2 posts tagged “mets”
I swore off the whole damn thing not a week ago. I vowed that I would shun for the rest of the baseball season a team that I had long rooted for - the New York Mets.
But that's like kicking the White Horse cold turkey.
Not going to happen.
Once upon a time my Mets were a pack of loveable also-rans - playing hard, having fun but not always coming out on top.
But they had their surprises. I was too young for the baseball miracle that was the 1969 champion Mets. But I saw a lousy team suddenly blossom and make it to the World Series in 1973. I was hooked.
They weren't the Yankees (the other New York team - - - the ones we must forever be compared to). The Yanks were juggernauts without a soul. They threw around big money contracts and lured big names.
Not my Mets. They grew their players through the minor leagues.
And then came 1986. The Mets were rough-and-tumble, scrappy and pugnacious. And they won. Big. And they won a championship. A winning team that you could give your heart to.
The years became lean. Then a period where we took some pretty good shots at the top. Once we made the World Series, but the hated Yanks beat them. Then another backslide.
But a couple of years ago the Mets came of age again. They grew new talents... a poster-boy third baseman who could hit the tar out of the ball. A Dominican speedster who electrified the crowd with his all-around skills. And the Mets did something else -- they started to spread the money around too. And they added big-time established stars to their lineup.
Mets fans were okay with that, especially when we made the playoffs in 2006 and came a win away from the World Series.
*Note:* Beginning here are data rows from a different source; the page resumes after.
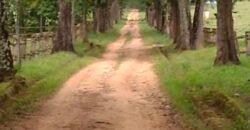 Oportunida Única: Fazenda de Café 1.535 hectares Estrutura completa Lavoura e Pecuária | Patrocínio/ MG Oportunida Única: Fazenda de Café 1.535 hectares Estrutura completa Lavoura e Pecuária | Patrocínio/ MG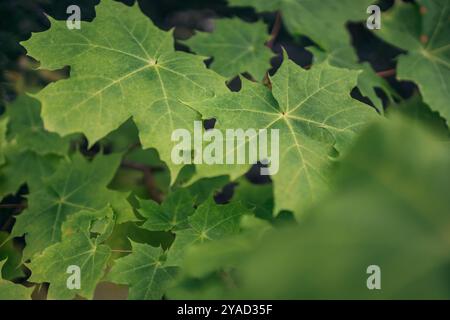 Nahaufnahme grüner Blätter im Herbst im norwegischen Wald Stockfoto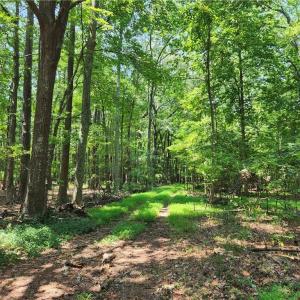 548 feet road frontage. Harris Creek 6.3 Acres Hampton VA.  Build your dream home here.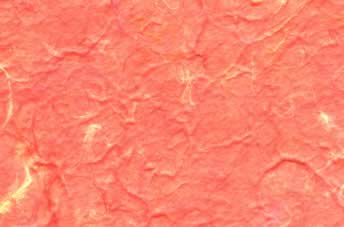 Mulberry Rough Paper Fire Orange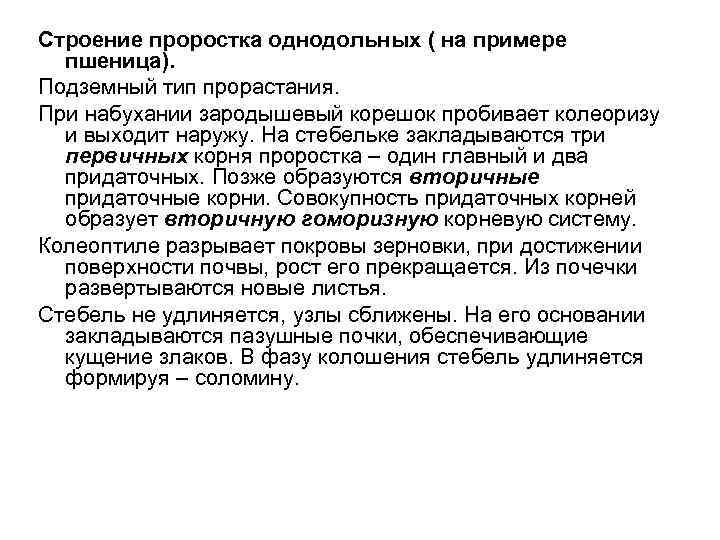 Строение проростка однодольных ( на примере пшеница). Подземный тип прорастания. При набухании зародышевый корешок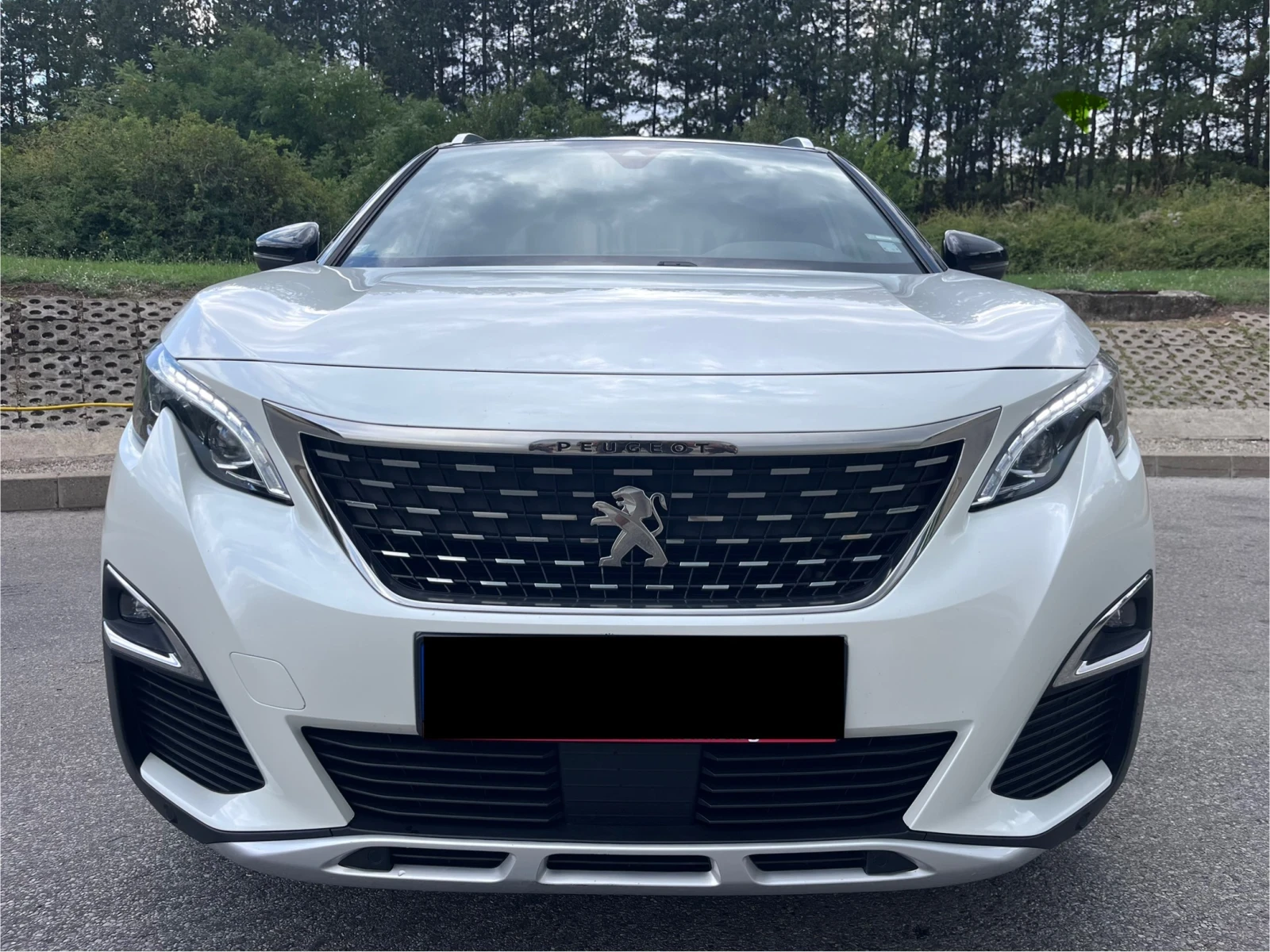 Peugeot 3008 2.0HDI GT-Line / Panorama, снимка 1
So close. And we were fine with these guys.
Then a year later - 2007 - they choked. A sports term - choke - meaning you have the win in your grasp and you let it get away. That's what they did, losing an ungodly number of games at the end of that season and giving up what seemed a sure hold on first place.
We were hurt, but believed we'd get over it. And then the Mets continued spending big. They forked over something like $137 million to land the services of an elite pitcher. That's okay, we Mets fans thought, they got to turn it around.
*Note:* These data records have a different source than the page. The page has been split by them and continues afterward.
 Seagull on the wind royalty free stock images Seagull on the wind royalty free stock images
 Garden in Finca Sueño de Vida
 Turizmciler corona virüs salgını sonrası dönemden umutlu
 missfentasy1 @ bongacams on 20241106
And this year -- with all that talent -- they played like logy uncles with their belts undone after Thanksgiving dinner. They seemingly lacked heart and hustle and drive. They were damn hard to watch. They were like the A student who couldn't stop cutting up in class.
So after a particularly bad loss - I vowed I'd stop following the team I had always followed. I made it public (well, at least as public as my Facebook and Twitter sites).
And for a few days I paid them no mind. Then I glanced at the sports pages. Then I check the score on the computer (just a quick glance mind you).
Then a funny thing happened. They started winning, beating teams who were ahead of them in the chase for the playoffs.
And tonight, as I finish this post, they have won their fourth-in-a-row. And they look, well, worthy of the fan adoration I've always showered on them.
Now, I know how this sounds. It's pathetic in a way. I accept that. I'm a grown man with kids and a job and bills to pay.
Why get so worked up about a ball team.
And even if you accept the fan concept -- why get so carried away, like some swoony teen-age girl.
I don't know. I can't explain it.
Just like I could never explain to my parents my ritual at night when going to sleep.
On one wall of my bedroom I had plastered posters of every Met player of the day. It was to the left of my bed.
If they won, I would sleep on my left side, facing the poster. If they lost, I'd go to the right, giving the poster papers my back.
Tonight I sleep on the left side.
So how does it feel my journalism compadres?
How do you enjoy the life of being examined from every corner, judged on every output?
Once upon a time we'd have to deal with angry phone calls or letter to the editor. We could field the call and chalk it up to "another disgruntled reader/viewer/listener." The letter might make in the paper, might not.
We did our thing and who would really change it.
Oh, but now it has changed. We - the scrutinizers - are being scrutinized. From every corner and in every fashion.
We have our constant critics and our in-house complaint stations. We have the self-investigations and the reformers.
So tell me my fellow-journos, how's it feel being on the inside of that globe?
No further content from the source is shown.